Shotzie Lamarr Doerr - German Shepherd Dog


----------



## onyx'girl (May 18, 2007)

Two females may not always get along, Shotzie is pretty...speaking from experience, I'd go with an opposite sex for Sheba's playmate.


----------



## NancyJ (Jun 15, 2003)

Given her age, I would think you can throw the pedigree out the window and focus on the actual dog. But I would hesitate to put together two females, especially when the new one coming in would be an adult. 

I don't know enough to comment on the pedigree though it looks like some unknowns, some WL some SL.


----------



## bethany.cole2013 (Sep 28, 2012)

onyx'girl said:


> Two females may not always get along, Shotzie is pretty...speaking from experience, I'd go with an opposite sex for Sheba's playmate.

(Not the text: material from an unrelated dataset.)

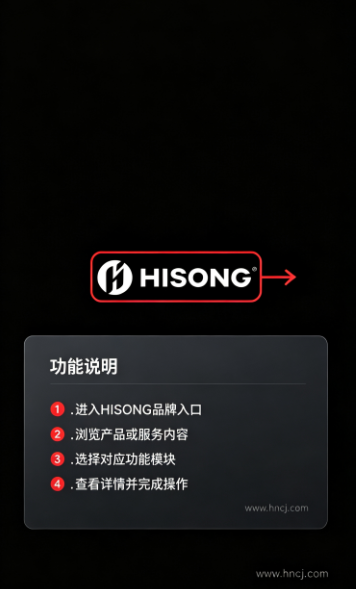 HISONG Link app HISONG Link app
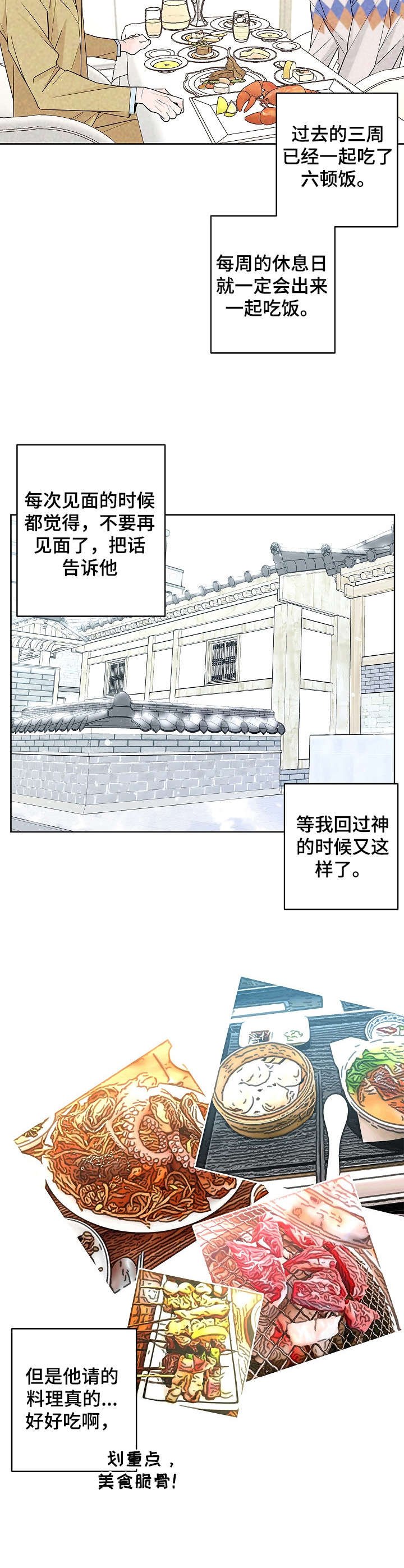 第15章：优柔寡断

Oh I'm aware of that lol. I let them know about Sheba and she's always pretty good with other dogs and they have said that Shotzie is good with people and other dogs, too but I want to take Sheba with me and us arrange a meeting in a neutral place such as a park or something so that neither one of the dogs feel territorial and see how they do together. I wouldn't want to just jump into something and then wind up either me or one of the girls being hurt.


----------



## cliffson1 (Sep 2, 2006)

I think she is a nice looking dog, I think your plan has just a good chance of not working out as working out. Seeing how they get along on a visit will tell you little about how the relationship will evolve....good luck.


----------



## bethany.cole2013 (Sep 28, 2012)

cliffson1 said:


> I think she is a nice looking dog, I think your plan has just a good chance of not working out as working out. Seeing how they get along on a visit will tell you little about how the relationship will evolve....good luck.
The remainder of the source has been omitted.